> _Data for this task_
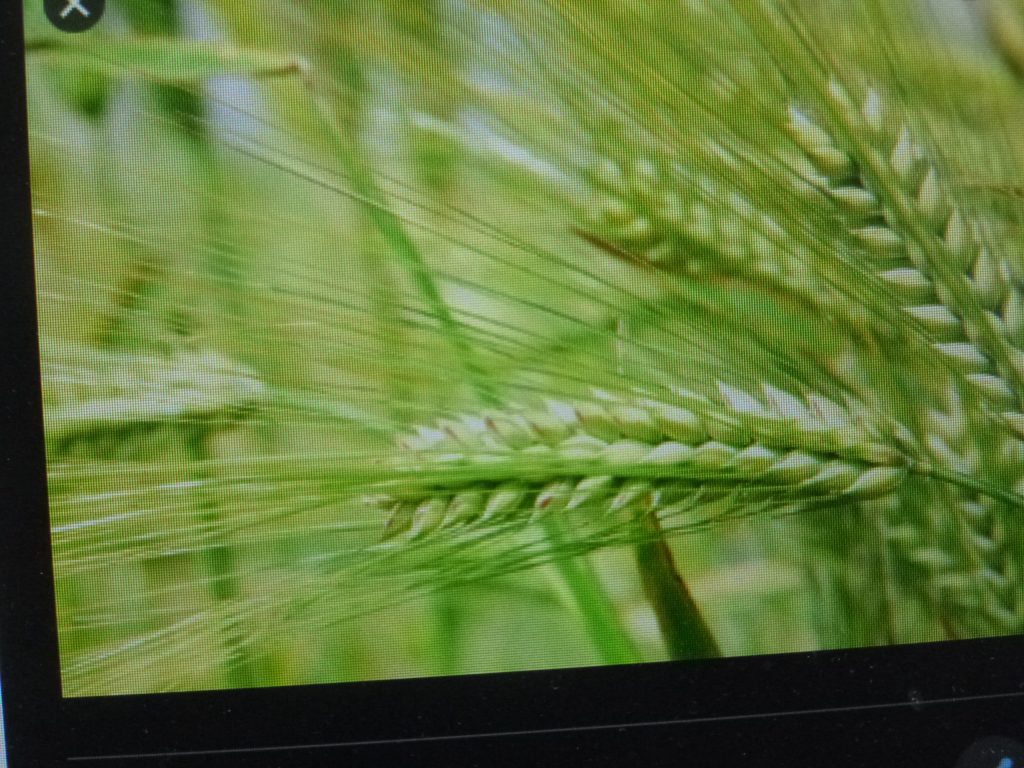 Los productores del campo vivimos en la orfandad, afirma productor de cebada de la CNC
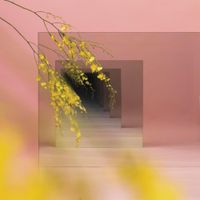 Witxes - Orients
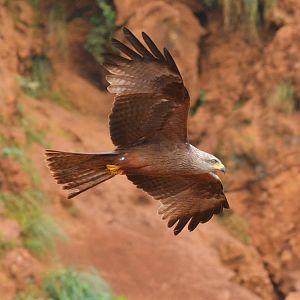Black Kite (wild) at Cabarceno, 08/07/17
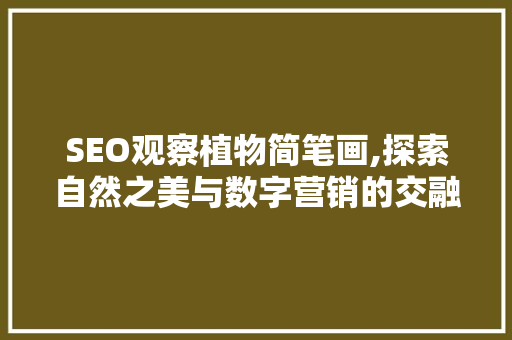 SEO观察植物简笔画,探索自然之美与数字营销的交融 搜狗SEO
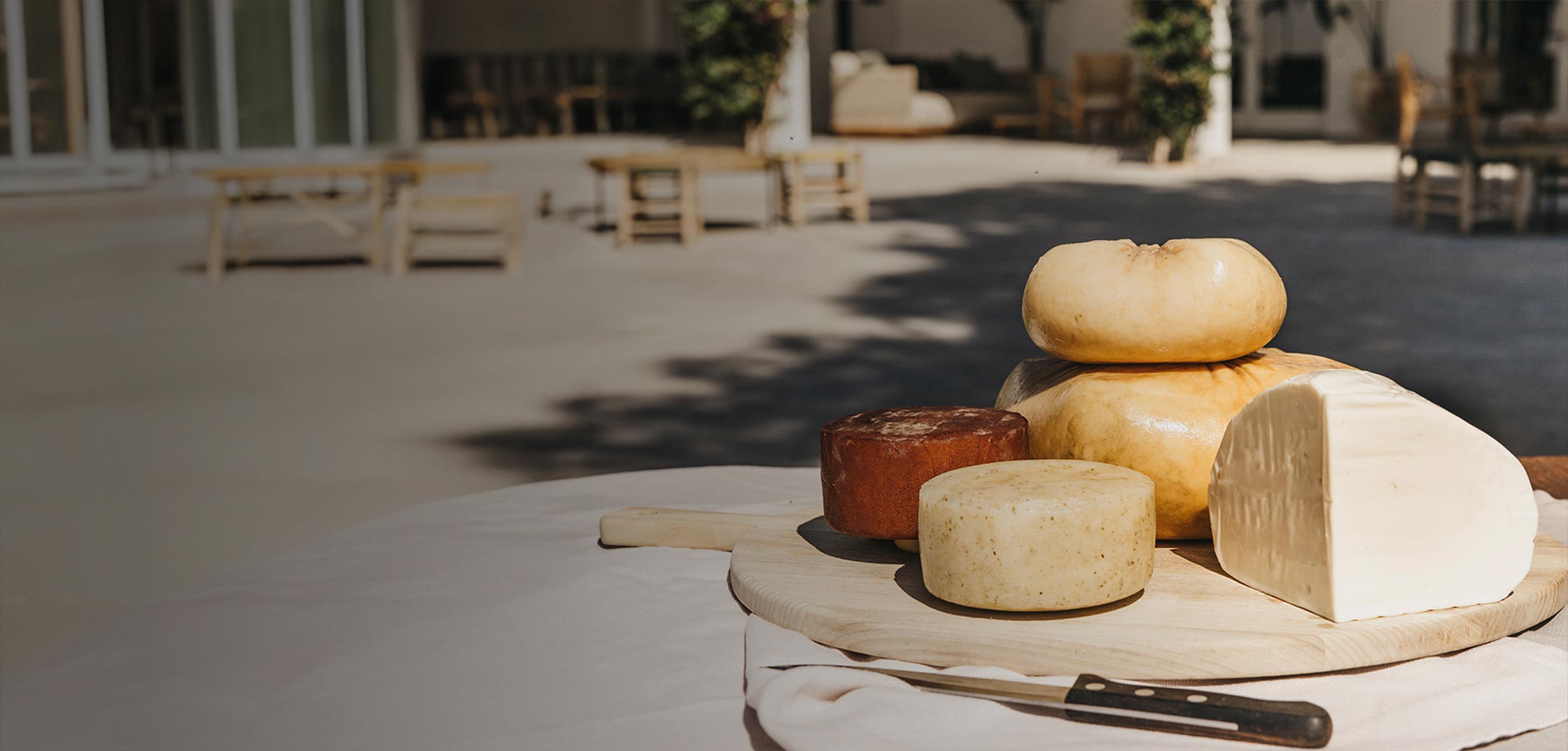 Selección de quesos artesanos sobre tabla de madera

> _Your objective_
Restate the whole listing exactly as written, minus the pictures.

> _Solution_
 Los productores del campo vivimos en la orfandad, afirma productor de cebada de la CNC
 Witxes - Orients
Black Kite (wild) at Cabarceno, 08/07/17
 SEO观察植物简笔画,探索自然之美与数字营销的交融 搜狗SEO
 Selección de quesos artesanos sobre tabla de madera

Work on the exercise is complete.